Losing my first son Onome in 1973
Life is not a bed of roses and I have had my fair share. It was a dark moment in my life when I lost my first child, Onome Oyebolaji Michael Ibru, in a motor accident on his way to the University of Ife, to collect his certificate in June 1973. He was 19 years old. If he hadn’t died he would have been 62 this November. He attended secondary school abroad and came to Nigeria for his university education. All the universities in Nigeria gave him a befitting burial (he was a student union activist). He was buried like a king. I am now left with a daughter, Christie, who is the eldest of Michael’s children.

Answering a divine call
By a divine call I founded a spiritual church in 1975 named, God’s Glory Shining Star Church Cherubim and Seraphim (Ijo Irawo Ogo Olorun Ntan). I was licensed and became a lay reader and Preacher in the African Church in 1978 – the first female to hold such a position. I am also a trustee of the African Church Arch Cathedral Bethel.

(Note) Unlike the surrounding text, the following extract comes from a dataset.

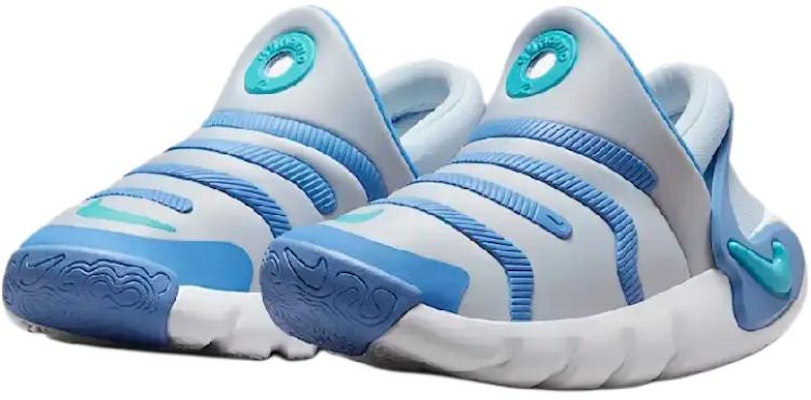 (Youth) Nike Dynamo Go 2 EasyOn 'Pure Platinum Blue Beyond' FD0553-004 Lookbook (Youth) Nike Dynamo Go 2 EasyOn 'Pure Platinum Blue Beyond' FD0553-004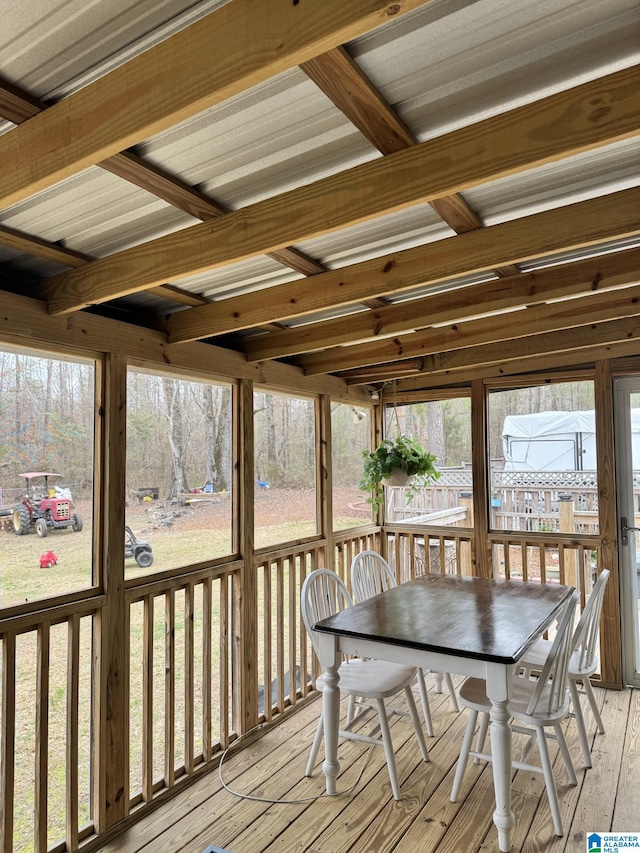 view of sunroom / solarium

It was because of my religious activities that I was given a doctorate degree, Doctor of Divinity, by an American university in 1998. One Prophet Adeoye who had a school in Victoria Island once told me that I am a messenger of God. When I became a lay reader, I took the form to my husband. He encouraged me and he signed the form for me. But the spirit of God said I should establish a spiritual church. I started it in my sitting room. There was a day I prayed for his (Michael’s) senior driver whose wife was expecting a baby. He now told my husband to thank me for praying for his wife. He was surprised and said, ‘Nike, o jamo olorun lo fe sin nisin yi. A maa ran e lowo;’meaning, ‘Nike, you don’t want to fight people again and now you want to serve God. I will help you.’ My husband built the first church for me at the back of my house in Surulere and also built a bigger one for me at Itire next door to O.K. Plastics. The churches are still there and functioning till today. So if there was to be another world I would still like to marry my husband because he was a gentle man. Like all men he had his weaker side. But I pray when he comes next time he would be a messenger of God and I will marry him because a minister of God doesn’t marry two wives.

I am fulfilled
Considering my journey through life, I can say that all my aspirations have been fulfilled. Jesus Christ gave us two commandments: serve your God with your whole heart and love thy neighbour as thy self. I have adhered to those two commandments and I know God will help me at my night. At 82, I am in my night. I will not do evil, think no evil and speak no evil to anybody. I believe in what the Bible says at Galatians 6:7: ‘be not deceived; God is not mocked: for whatsoever a man soweth, thou shall he also reap.’ The last book of the bible in Revelation also says, ‘whoever that is doing good should continue and whoever that is doing bad should continue. God is coming quickly to pay everybody according to his or her doings.’ For me, I don’t pay evil with evil because vengeance belongs to him. Romans 12: 17 says, ‘Recompense to no man evil for evil and provide things honest in the sight of all men.’ I thank God Almighty for making me His daughter. I have been doing what He called me to do and I will continue till He calls me home. And that is why if I die today, I will like to be remembered for my faithfulness because I have been consistent with God all my life.

Life of lessons
What I have learnt in this life is that one shouldn’t think of oneself alone because in the midst of life we are nothing. Think of others and what you can do to help and please others. I am not doing anything to please myself. And as a human being always do the right thing to the low and mighty. We are here today and nobody knows tomorrow. As Psalm 34: 14 says, ‘Depart from evil, and do good. Seek peace and pursue it.’